Dans l’équipe, si quelques joueurs sont susceptibles de compenser sa perte en terme de création, aucun des Monte Morris, Facundo Campazzo et PJ Dozier ne peuvent prendre son relais au scoring. Or, il faut rappeler cette réalité : en 2019, durant les Playoffs, Murray en difficulté, peinait à trouver sa régularité. Et quand Murray n’allait pas, trop souvent, Nikola Jokic était trop isolé pour arracher seul la décision.
Désormais, il va falloir trouver des moyens de palier à une longue absence à venir. Les arrières auront leur rôle à jouer, mais ce sont surtout Michael Porter Jr et Aaron Gordon qui devront prendre davantage de place en attaque. Si le premier n’attend que ça, il faudra voir si le second peut conserver cette nouvelle efficacité en prenant plus de responsabilités offensives.
Et maintenant ?
Les dirigeants de la franchise doivent êtres sonnés à cette heure. Avec cette blessure, les ambitions de l’équipe pour les prochains Playoffs prennent évidemment un coup. Mais il faut le préciser, l’absence de Murray qui pourrait durer entre 9 et 12 mois, n’est que la première étape pour sa réhabilitation. Si une rupture des ligaments croisés est si lourde pour un joueur, c’est qu’en plus de la rééducation, il faut compter ensuite une année supplémentaire pour qu’un joueur puisse envisager de revenir au niveau d’avant-blessure. Or vu le timing de celle-ci : cela signifie dans le meilleur des cas un retour en pleine forme de Murray pour l’exercice 2022-2023.
Comme toujours, la nouvelle d’une blessure laisse un goût amer. Particulièrement pour les fans de la franchise. Dans le cas de Jamal, c’est d’autant plus douloureux que le joueur a laissé entrevoir pendant les Playoffs de la bulle, la faculté à être l’un des shooters les plus prolifiques et spectaculaires de la ligue. Avec ses 26,5pts, 6,6asts et ses 46,3% derrière l’arc, il s’était imposé comme l’un des joueurs majeurs de la jeune génération. Véritable performeur dans le clutch et en post-saison, c’est un coup d’arrêt indéniable dans son ascension. Un putain de coup d’arrêt qui rappelle de bien tristes souvenirs, peu importe la franchise que l’on supporte.

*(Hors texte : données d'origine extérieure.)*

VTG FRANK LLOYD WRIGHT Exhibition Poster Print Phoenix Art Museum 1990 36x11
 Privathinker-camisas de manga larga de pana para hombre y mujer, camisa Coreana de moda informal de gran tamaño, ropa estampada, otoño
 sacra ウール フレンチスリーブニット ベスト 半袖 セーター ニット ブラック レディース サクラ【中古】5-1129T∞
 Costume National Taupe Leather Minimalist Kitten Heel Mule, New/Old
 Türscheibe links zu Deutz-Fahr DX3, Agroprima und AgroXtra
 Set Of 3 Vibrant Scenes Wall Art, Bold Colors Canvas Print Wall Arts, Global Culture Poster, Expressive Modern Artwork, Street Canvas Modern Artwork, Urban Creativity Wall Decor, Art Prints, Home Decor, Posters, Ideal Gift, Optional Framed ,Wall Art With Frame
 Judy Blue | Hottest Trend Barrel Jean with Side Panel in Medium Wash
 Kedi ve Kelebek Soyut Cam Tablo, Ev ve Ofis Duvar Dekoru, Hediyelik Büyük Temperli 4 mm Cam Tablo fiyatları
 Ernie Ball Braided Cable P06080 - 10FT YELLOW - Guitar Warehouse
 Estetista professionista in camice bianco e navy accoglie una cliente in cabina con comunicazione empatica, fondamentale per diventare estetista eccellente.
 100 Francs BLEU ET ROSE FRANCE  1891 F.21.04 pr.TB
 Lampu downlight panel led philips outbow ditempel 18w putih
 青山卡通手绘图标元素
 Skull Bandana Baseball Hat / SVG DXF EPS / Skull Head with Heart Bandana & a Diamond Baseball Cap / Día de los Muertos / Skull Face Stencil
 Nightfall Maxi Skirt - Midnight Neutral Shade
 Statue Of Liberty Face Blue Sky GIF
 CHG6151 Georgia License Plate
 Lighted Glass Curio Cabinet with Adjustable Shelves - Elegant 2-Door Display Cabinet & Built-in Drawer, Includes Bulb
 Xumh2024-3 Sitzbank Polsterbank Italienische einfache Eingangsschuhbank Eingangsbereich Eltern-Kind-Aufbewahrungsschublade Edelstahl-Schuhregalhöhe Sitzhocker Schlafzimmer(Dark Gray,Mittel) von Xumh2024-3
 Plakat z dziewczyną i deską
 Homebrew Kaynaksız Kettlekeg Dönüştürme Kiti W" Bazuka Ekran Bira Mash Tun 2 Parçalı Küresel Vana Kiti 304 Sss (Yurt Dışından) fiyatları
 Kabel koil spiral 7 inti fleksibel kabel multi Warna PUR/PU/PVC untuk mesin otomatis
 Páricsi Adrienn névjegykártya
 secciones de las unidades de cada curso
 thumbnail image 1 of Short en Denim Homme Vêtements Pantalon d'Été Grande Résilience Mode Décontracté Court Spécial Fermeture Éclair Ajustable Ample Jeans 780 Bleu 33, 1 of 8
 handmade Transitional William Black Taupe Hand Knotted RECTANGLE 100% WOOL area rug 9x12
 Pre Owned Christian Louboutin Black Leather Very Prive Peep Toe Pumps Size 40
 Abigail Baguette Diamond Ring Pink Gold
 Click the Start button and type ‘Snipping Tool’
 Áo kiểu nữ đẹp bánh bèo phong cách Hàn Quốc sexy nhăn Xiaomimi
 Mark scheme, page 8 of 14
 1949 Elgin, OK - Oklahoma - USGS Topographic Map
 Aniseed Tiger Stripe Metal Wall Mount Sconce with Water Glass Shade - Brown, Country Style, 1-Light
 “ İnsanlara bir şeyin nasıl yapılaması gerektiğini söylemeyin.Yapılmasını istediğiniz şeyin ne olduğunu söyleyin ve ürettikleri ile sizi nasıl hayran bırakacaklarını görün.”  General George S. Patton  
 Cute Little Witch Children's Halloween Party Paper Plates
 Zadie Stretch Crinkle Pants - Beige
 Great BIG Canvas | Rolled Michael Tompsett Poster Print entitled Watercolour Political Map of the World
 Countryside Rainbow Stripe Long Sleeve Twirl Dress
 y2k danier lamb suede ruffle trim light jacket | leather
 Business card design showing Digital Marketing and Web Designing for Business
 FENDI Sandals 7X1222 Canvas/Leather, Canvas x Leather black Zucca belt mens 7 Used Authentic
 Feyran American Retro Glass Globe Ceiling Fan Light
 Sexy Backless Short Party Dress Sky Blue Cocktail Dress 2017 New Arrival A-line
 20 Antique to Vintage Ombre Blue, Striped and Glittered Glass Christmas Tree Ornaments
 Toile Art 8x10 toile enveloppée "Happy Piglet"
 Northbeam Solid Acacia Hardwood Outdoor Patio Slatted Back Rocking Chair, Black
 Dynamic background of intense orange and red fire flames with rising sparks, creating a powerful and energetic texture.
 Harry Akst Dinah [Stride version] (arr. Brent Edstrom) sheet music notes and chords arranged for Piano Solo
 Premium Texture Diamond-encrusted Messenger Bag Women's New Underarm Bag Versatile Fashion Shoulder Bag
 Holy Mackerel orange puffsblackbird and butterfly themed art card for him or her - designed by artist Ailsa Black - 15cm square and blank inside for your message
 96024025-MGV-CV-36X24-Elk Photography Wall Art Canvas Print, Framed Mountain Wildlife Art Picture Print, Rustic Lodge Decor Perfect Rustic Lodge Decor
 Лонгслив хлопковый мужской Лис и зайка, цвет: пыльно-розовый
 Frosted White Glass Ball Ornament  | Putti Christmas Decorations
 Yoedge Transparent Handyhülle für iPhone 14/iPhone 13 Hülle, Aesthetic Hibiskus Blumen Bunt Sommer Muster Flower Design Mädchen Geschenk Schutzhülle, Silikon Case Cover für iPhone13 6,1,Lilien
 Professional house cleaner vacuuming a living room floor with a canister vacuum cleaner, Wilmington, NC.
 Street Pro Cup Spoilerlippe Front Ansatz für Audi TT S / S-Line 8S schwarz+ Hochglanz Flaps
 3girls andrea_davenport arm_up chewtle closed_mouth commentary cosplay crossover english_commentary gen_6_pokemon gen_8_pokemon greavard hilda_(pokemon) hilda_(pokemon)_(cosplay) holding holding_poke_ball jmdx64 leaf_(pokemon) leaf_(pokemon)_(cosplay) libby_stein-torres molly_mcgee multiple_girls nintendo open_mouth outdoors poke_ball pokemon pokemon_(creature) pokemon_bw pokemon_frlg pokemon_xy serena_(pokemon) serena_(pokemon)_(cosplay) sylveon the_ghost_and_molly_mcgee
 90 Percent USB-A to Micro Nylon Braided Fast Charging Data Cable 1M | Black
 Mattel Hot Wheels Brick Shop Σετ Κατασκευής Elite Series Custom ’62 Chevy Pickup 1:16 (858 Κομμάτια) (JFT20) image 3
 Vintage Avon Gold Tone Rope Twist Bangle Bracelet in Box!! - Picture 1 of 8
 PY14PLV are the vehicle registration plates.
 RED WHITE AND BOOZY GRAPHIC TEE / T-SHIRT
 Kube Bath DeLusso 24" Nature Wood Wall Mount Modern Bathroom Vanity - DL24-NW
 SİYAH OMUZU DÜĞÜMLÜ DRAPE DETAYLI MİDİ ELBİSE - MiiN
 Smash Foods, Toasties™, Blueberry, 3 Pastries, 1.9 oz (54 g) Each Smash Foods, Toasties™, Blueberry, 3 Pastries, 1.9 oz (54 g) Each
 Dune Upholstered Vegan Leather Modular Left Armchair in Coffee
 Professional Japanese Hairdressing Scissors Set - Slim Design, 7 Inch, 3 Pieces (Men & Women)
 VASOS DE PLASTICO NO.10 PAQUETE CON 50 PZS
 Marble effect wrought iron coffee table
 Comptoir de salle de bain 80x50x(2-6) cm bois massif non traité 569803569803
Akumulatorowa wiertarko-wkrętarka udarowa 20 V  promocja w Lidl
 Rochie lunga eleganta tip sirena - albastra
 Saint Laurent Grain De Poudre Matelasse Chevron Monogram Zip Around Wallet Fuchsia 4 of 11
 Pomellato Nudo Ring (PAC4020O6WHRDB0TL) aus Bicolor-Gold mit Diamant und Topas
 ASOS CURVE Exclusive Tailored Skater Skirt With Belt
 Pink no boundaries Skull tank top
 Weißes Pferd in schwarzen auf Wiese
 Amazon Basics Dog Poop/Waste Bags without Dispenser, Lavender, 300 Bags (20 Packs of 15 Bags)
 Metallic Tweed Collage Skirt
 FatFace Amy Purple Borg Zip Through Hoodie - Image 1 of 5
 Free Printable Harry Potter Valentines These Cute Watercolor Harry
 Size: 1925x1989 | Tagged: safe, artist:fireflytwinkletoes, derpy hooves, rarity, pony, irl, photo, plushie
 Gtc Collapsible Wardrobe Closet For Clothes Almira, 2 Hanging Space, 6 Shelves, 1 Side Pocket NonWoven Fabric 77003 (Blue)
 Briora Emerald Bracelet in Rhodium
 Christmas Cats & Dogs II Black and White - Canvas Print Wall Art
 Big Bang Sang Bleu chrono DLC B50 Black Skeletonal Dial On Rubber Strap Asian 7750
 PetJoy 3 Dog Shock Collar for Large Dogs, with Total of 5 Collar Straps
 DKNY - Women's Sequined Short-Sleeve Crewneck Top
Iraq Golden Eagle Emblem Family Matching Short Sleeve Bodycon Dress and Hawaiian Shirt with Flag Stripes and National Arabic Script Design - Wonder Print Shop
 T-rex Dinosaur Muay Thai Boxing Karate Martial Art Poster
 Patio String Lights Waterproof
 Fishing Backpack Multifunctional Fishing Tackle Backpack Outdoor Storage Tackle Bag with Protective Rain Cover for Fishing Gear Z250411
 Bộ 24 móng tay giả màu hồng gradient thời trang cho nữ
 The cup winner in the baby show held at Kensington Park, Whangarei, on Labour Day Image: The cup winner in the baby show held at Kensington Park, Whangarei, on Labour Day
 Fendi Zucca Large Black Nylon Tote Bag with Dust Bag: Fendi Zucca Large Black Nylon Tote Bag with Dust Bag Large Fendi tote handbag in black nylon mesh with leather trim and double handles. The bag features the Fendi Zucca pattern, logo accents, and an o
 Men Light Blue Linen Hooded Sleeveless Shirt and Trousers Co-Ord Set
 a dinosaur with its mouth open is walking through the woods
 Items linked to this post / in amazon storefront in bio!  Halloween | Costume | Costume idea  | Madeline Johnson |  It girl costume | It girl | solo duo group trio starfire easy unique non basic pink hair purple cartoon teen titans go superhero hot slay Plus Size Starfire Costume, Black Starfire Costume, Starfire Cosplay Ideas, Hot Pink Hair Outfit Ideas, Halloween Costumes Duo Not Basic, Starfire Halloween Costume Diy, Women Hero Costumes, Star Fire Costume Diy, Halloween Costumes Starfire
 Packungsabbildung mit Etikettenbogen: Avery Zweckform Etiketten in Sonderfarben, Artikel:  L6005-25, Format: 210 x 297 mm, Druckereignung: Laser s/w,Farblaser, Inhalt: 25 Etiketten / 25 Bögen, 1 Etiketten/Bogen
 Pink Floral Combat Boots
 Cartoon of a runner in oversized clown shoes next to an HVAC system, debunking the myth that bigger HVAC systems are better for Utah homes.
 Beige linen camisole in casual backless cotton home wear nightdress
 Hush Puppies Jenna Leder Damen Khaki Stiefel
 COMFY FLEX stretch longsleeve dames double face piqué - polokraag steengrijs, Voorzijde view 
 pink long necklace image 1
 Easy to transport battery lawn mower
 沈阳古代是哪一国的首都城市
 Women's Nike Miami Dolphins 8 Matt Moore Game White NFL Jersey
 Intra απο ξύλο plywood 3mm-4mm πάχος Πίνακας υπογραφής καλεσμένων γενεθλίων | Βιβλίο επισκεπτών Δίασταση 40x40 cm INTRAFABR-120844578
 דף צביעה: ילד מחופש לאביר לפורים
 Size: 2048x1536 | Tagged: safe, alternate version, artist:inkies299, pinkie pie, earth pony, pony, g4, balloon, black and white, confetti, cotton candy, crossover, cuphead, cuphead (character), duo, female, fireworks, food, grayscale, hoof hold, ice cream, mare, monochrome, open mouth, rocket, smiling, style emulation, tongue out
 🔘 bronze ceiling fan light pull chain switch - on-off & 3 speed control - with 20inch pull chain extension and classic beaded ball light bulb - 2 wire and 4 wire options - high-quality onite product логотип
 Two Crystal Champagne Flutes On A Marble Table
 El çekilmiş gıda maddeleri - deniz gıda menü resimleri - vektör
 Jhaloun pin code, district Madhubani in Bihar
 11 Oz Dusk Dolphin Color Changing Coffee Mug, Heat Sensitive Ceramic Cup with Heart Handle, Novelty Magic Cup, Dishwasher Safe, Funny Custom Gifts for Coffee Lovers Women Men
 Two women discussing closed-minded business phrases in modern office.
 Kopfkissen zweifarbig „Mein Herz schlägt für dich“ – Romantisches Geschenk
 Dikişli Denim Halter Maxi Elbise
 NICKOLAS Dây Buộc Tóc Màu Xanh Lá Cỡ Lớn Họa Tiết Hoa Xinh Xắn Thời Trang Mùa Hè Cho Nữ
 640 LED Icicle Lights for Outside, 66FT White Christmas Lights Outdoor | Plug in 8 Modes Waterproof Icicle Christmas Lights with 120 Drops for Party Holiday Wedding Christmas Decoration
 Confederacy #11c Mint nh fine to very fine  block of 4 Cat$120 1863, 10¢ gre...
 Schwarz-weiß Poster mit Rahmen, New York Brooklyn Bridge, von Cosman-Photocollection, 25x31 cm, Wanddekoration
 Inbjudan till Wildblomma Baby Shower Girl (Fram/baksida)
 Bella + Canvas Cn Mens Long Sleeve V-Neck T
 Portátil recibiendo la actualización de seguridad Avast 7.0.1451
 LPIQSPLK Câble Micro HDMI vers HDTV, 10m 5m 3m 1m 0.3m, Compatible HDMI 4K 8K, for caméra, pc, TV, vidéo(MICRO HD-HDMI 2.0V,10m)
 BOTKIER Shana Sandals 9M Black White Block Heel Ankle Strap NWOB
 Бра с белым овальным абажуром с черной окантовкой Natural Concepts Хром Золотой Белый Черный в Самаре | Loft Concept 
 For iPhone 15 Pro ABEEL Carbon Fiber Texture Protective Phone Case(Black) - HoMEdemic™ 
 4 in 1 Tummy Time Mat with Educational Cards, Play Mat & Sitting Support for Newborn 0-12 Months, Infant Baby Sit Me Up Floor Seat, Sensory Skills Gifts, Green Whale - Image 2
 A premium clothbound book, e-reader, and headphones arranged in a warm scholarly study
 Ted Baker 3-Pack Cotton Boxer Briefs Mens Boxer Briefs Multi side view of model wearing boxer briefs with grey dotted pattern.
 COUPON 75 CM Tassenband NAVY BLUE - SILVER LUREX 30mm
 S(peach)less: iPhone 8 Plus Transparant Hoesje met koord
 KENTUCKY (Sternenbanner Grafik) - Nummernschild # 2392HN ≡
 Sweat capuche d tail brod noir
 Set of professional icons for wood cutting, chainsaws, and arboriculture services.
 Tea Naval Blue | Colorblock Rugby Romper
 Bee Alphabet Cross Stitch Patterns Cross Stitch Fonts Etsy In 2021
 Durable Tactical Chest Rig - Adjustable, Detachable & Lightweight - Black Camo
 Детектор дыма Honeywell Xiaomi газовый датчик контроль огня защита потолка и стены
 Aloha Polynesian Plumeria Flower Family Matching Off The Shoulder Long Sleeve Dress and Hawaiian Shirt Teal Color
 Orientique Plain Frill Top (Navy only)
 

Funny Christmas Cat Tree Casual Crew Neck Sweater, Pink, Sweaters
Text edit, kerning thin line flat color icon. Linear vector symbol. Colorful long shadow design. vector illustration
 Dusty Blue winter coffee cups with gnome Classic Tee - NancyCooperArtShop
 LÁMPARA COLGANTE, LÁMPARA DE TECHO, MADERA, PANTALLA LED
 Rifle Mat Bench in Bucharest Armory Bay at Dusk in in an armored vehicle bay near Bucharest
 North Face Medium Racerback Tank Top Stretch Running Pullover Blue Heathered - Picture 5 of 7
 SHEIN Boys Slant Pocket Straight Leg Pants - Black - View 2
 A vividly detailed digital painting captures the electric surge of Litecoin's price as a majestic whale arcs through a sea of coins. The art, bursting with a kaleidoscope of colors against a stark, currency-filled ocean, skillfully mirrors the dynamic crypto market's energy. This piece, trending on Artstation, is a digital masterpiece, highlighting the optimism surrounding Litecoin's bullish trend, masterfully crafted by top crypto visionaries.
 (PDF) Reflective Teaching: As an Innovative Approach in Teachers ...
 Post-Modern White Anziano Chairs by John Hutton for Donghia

Quant aux fans de Denver, ce 13 avril ne fut pas sans rappeler 2012-2013. A cette époque, George Karl était head coach et avait construit une équipe dense et spectaculaire dans les débris du départ de Carmelo Anthony. La franchise venait de battre son record de victoires consécutives et s’était fait une place dans le top 3 de la conférence Ouest avec une top 5 attaque et une défense flirtant avec le top 10. Le vent d’enthousiasme, porté par le show permanent proposé par l’équipe allait cependant s’essouffler deux semaines avant les Playoffs, lorsque Danilo Gallinari – 24 ans et deuxième scoreur de l’équipe, comme Jamal Murray – allait se blesser au genou gauche. Le lendemain, le verdict tombait : rupture des ligaments croisés. De quoi se faire de nouvelles sueurs, quand bien même la structure que laisse Jamal semble plus solide que celle bâtie à la hâte à fin de l’ère Melo.